▶ [TASK DETAILS]: Reproduce only what runs from the line containing "Welcome to Pro" to the line containing "Based on gender" in the records below, inclusive. Keep it exact, and keep the pictures out.

[RECORDS Boundary: Start]

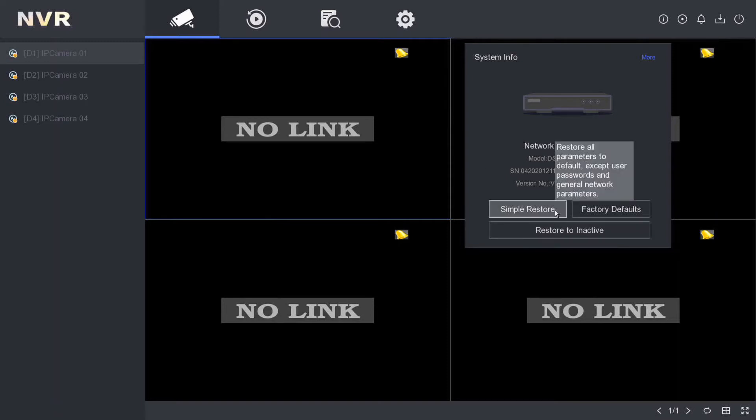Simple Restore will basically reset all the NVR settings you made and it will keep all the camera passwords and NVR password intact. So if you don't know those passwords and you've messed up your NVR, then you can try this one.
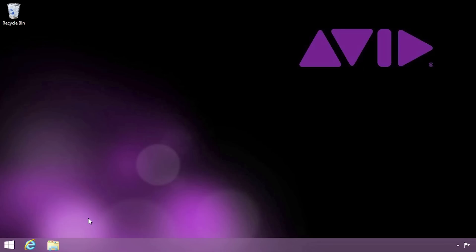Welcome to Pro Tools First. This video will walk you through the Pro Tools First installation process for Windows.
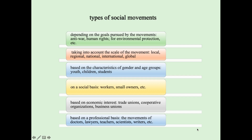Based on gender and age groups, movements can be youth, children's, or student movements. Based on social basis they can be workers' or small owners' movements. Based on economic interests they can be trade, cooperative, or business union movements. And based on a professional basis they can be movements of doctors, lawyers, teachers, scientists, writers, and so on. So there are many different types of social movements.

[RECORDS Boundary: End]
[RECORDS Boundary: Start]

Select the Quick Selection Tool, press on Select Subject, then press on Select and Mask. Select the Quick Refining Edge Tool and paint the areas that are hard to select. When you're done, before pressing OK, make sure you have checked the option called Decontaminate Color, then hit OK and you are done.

[RECORDS Boundary: End]

▶ [ANSWER BOX]:
Welcome to Pro Tools First. This video will walk you through the Pro Tools First installation process for Windows.
Based on gender and age groups, movements can be youth, children's, or student movements. Based on social basis they can be workers' or small owners' movements. Based on economic interests they can be trade, cooperative, or business union movements. And based on a professional basis they can be movements of doctors, lawyers, teachers, scientists, writers, and so on. So there are many different types of social movements.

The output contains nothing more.